4. Why did the St. Louis advertising and PR industries lose their prominence? I doubt that public policy was the main factor.
And to the extent that public policy was a factor, the article suggests that it was the removal of protectionist intra-national trade barriers that precipitated the decline, rather than active measures to screw over mid-sized cities.
At lot of nonsense. During the time that St Louis was declining, smaller cities like Phoenix and Denver were thriving and growing. And it’s not just western cities — nearby Indianapolis, Columbus, and Nashville have all boomed since 1980 and each now has more than twice the population of the city of St Louis (in fact, St Louis has managed to lose an even greater percentage of its peak population than has Detroit!) St Louis’s failure and decline is its own, not the inevitable result of externally-imposed changes that have affected all similarly situated cities.
There is kind of an issue here, not so much economic but political, about what sort of role medium sized metropolises should play in our society, how important regions should be vis-à-vis the nation, etc. Do we really want to take ALL the scientific talent in our society, all the corporate decision making, all the culture generating activity, all the highest intellectual and academic positions, and transfer them over time to half a dozen major cities — LA, SF, NYC, DC, maybe Boston and Chicago — leaving the “flyover space” between as a wasteland inhabited by ill-educated peasants?
Or would we prefer a nation with much more dispersed economic and cultural activity?
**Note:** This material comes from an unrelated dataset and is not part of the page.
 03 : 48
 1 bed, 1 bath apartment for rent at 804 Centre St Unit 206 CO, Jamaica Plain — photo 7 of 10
Where St Louis has major league sports and industries and advertising agencies, where Cleveland has world-quality universities and orchestras, where Seattle and its outskirts are home for the planet’s leading software firms?
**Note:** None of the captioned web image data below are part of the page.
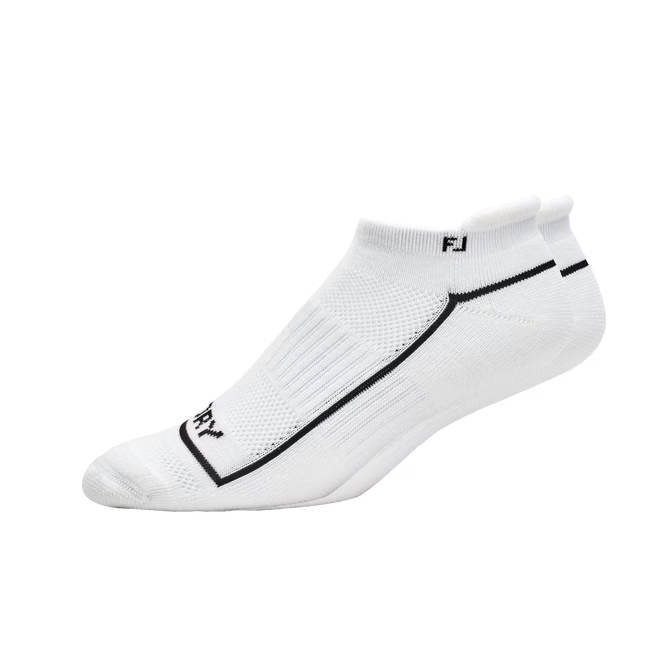 FootJoy chaussettes femme ProDry Roll Tab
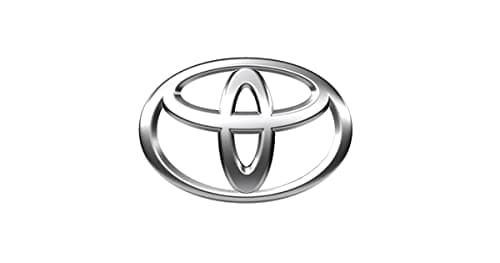 Genuine Toyota 6920602180C0 Door Handle Assembly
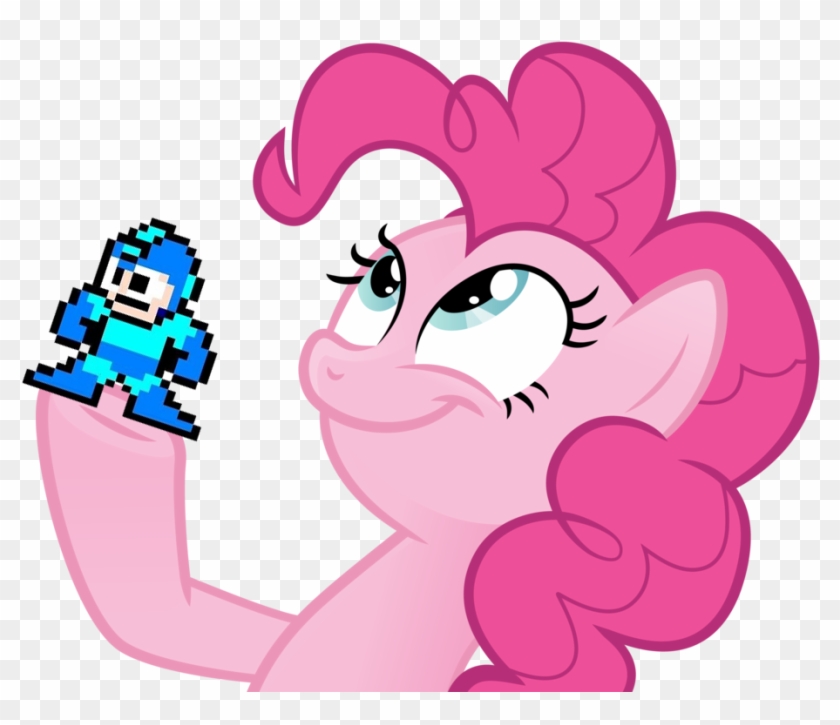 Uploaded - Run The Gauntlet Meme Clipart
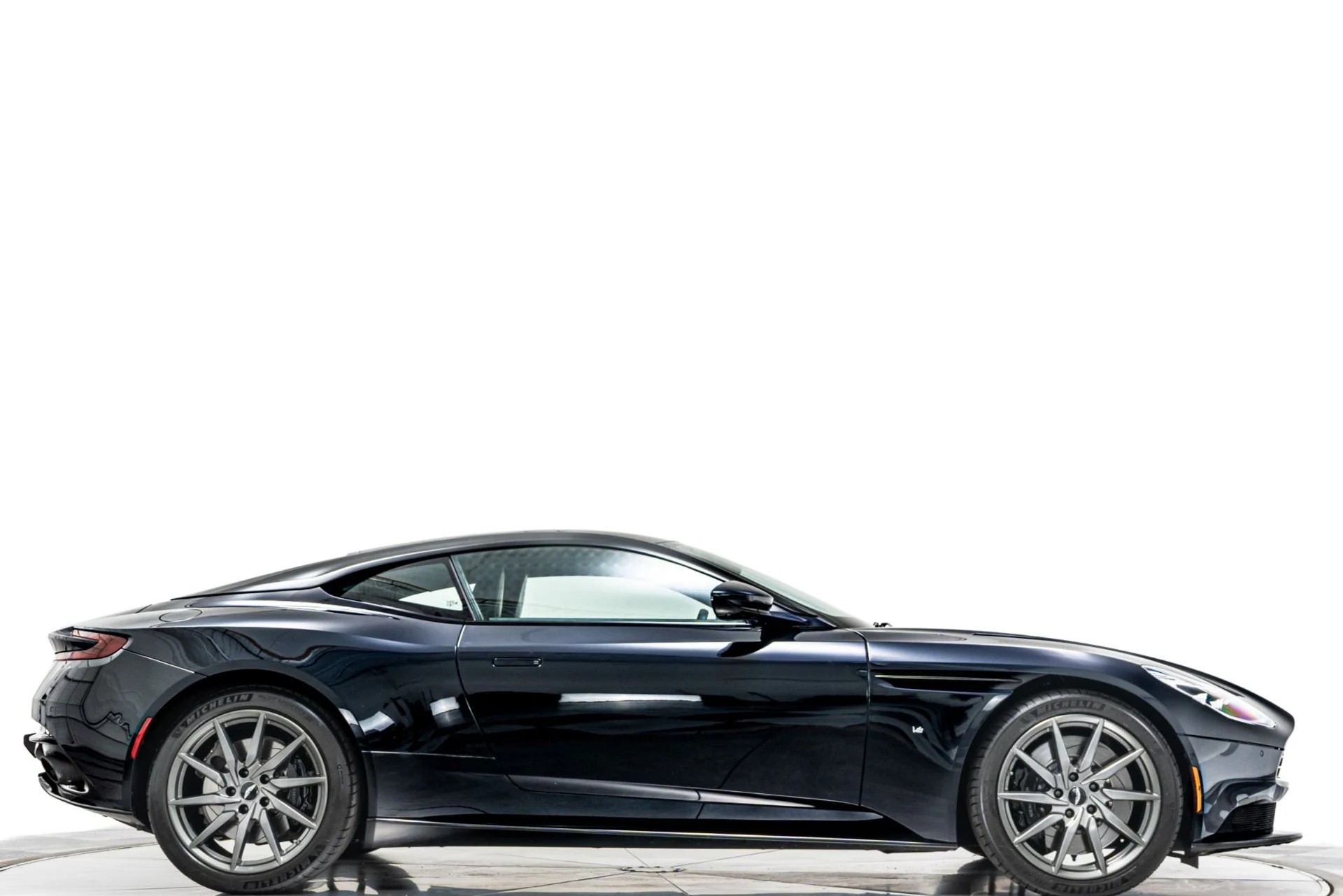 mph001_1250598816_Used_2017_Aston_Martin_DB_11_V12_AMR_Engine_Upgrade_Nexus_Quilting_1790805341_c2b61752ea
Shouldn’t this be a permissible topic of debate? Shouldn’t this be intentionally — rather than accidentally — shaped by politics and legislation? And is it actually liberal or conservative to chose one alternative or another?
To mike shupp,
You pose your concerns as questions, but there is no one to answer you. I suggest reforming your concerns as proposals. Format: “This is wrong, that is wrong, this would be better”
Then you could argue for your positions and suggest your solutions.
I hope the solutions would not be: Let’s form a division of the government to review all of the voluntary choices which are bringing about these (supposedly) bad effects, and either prevent them by law (force) or pay the people to do something else.
I will reverse your last question. Shouldn’t all this be left to the voluntary choices of the people involved, which are not accidents, instead of being directed by politics and legislation?
More simply, who is supposed to force the next engineer to move to Omaha rather than to Chicago, and how could he possibly know what would be better, and for whom? It didn’t work out well for the USSR or current Russia when they tried this.
Andrew:
I don’t have any definite proposals in mind, just a general notion that “things” ought to be spread about a bit more. It’s sad to drive across country and see how many small towns and medium sized cities have shrunk over the past few decades, Once these were good places to live and raise families, and now they’re places from which young people flee for the big cities.
One suggestion: do some outsourcing for the federal government. Decentralize. Put a big chunk of the FAA in Atlanta, for example. Move Veteran Administration paper processing to Cleveland. Put some DoD purchasing offices in Dayton and Riverside. Put the Patent Office in Walla Walla. Move the “summer White House” to Anchorage.
This is a big country — 3000 miles across, with 300 million people — big as all Europe combined. It’s preposterous to let half a dozen costal metropolises monopolize our urban environment.
The fact that St Louis has been in decline, doesn’t mean that all medium sized metro areas are similarly afflicted — there are a whole lot that have been growing while St Louis has been shrinking.
Last Republican mayor in 1949.
The Supreme Court could be moved to a more central, more representative location in the country.